事務管理(企業活動)(読み)じむかんり(英語表記)office management

日本大百科全書(ニッポニカ) 「事務管理(企業活動)」の意味・わかりやすい解説

事務管理(企業活動)
じむかんり
office management

経営管理一環として、財やサービスの生産に伴って発生する事務作業(情報の作成、収集、分類、記録、伝達、保管、修正、廃棄等)を効果的に遂行するための体系的措置。措置の内容は、経営管理の基本である計画plan、組織organization、統制controlのサイクルに即して体系化される。

 まず事務計画は、必要な事務作業を洗い出し、それらを処理すべき時間的関連を計画化し、この計画を遂行するために必要な資源人員、資金、機器等)を調達し配分することである。事務組織は、事務作業の分担関係と命令報告の経路を設定し、それらを効率的に機能させるために指揮監督の職務権限を明確化して、計画を現実に遂行させることである。事務統制は、事務組織が事務計画に即して所期の目標を達成しているかをチェックし、問題点があればそれを改善し、必要に応じて計画を修正することである。
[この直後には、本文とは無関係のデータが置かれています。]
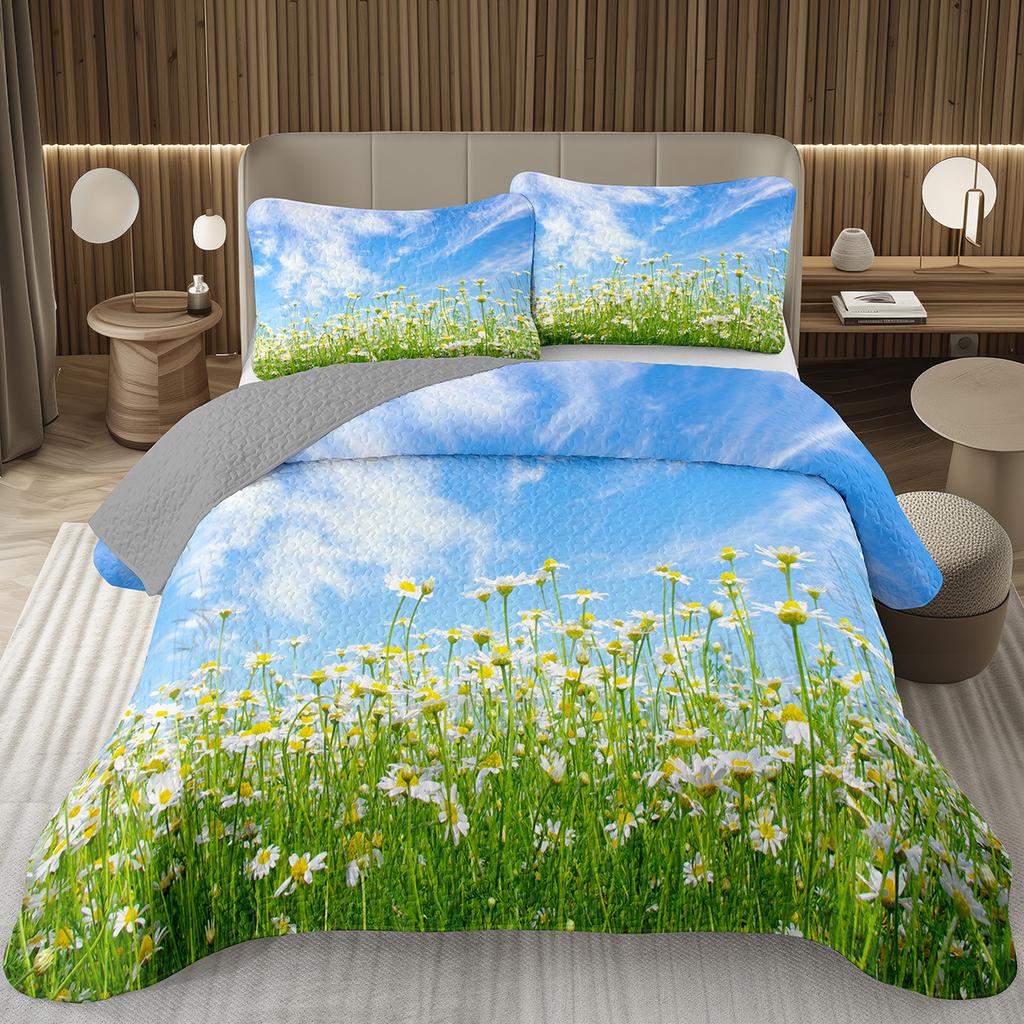 Natural Scenery Coverlet Set Sunset Sky Bedding Set White Clouds Bedspread Set Twin Full Queen Size for Kids Girls Boys Teens
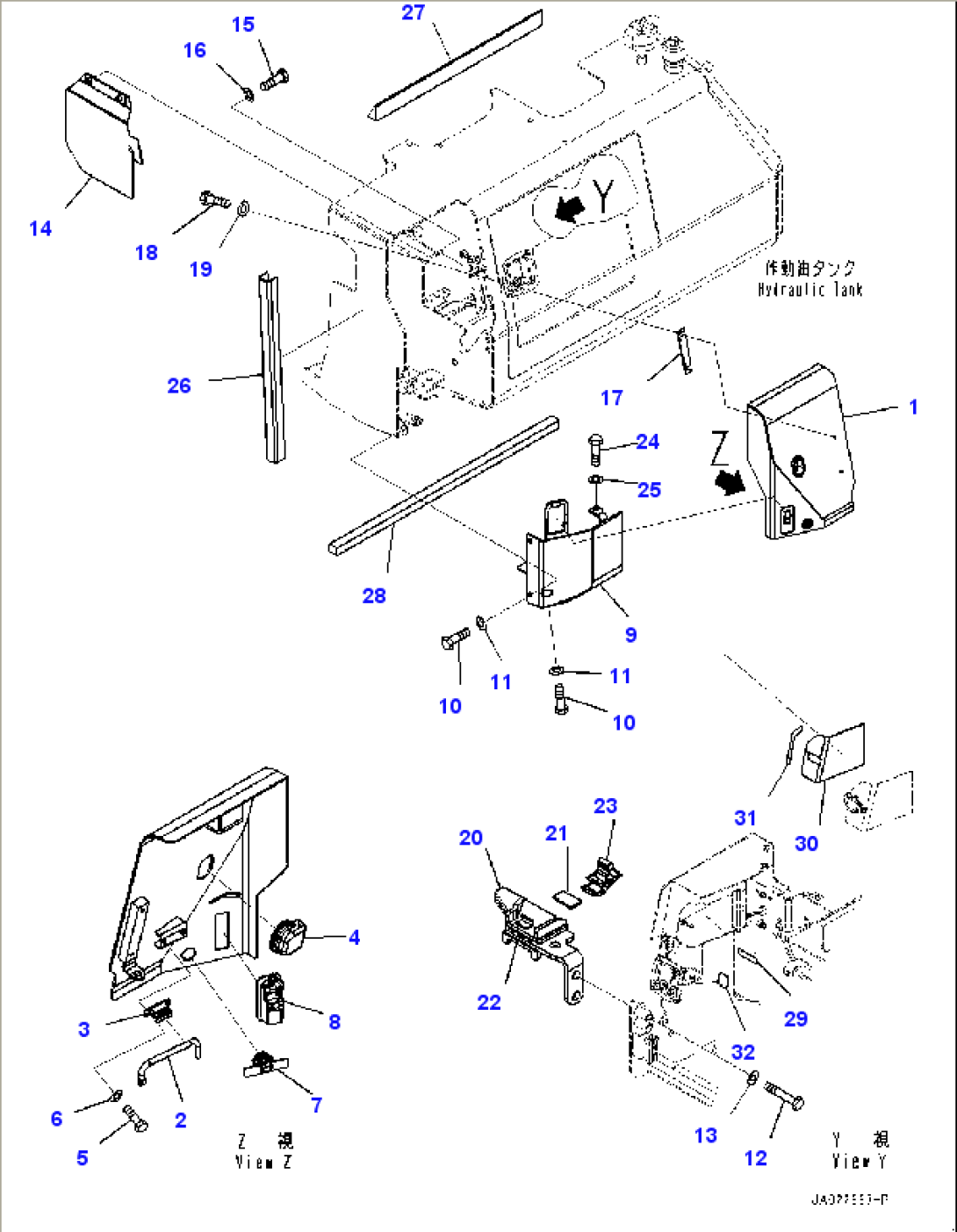 Hydraulic Tank, Cover (2/2) (#95001-)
 視点を変えれば、事務管理には、実体的側面と計量的側面がある。前者は、事務処理の方法や機器、組織やシステムの実態のあり方を改善し革新することである。後者は、事務コスト、具体的には事務作業のための労務費や物品費等について、予算と実績を対比してコスト低減に努めることである。両者が補完して、事務の生産性向上が可能になる。

 近代的事務管理は、20世紀初頭の科学的管理とともに始まった。科学的管理は、工場管理shop managementにインダストリアル・エンジニアリングindustrial engineering(IE)を適用することに主たる関心があったが、同じ発想を事務所に適用する形で事務(所)管理(オフィスマネジメントoffice management)が成立した。すなわち初期の事務管理は、生産・販売のような主要業務の補助活動と位置づけた事務作業の合理化が、その目的であった。第二次世界大戦後、事務は情報の視点で理解されるようになり、業務の補助活動を超えて経営者・管理者の意思決定に対する情報提供活動として位置づけられるようになった。これに情報技術information technology(IT)の急速な進歩が加わって、事務管理は業務活動と一体化した情報管理へと変貌(へんぼう)した。その理想は、情報の発生と活用の直結on lineおよび即時real time処理による、情報共有の活動体としてのオフィスオートメーションoffice automation(OA)であるとされるようになる。かくして事務管理という概念は、20世紀的な過去のものとしてほとんど使用されなくなっている。

 なお、法律用語としての事務管理とは、法律上の義務がないにもかかわらず、他人のために物事を処理することである。たとえば、災害で破損した他人の家を頼まれないのに修理するなどであり、民法に規定(697条以下)がある。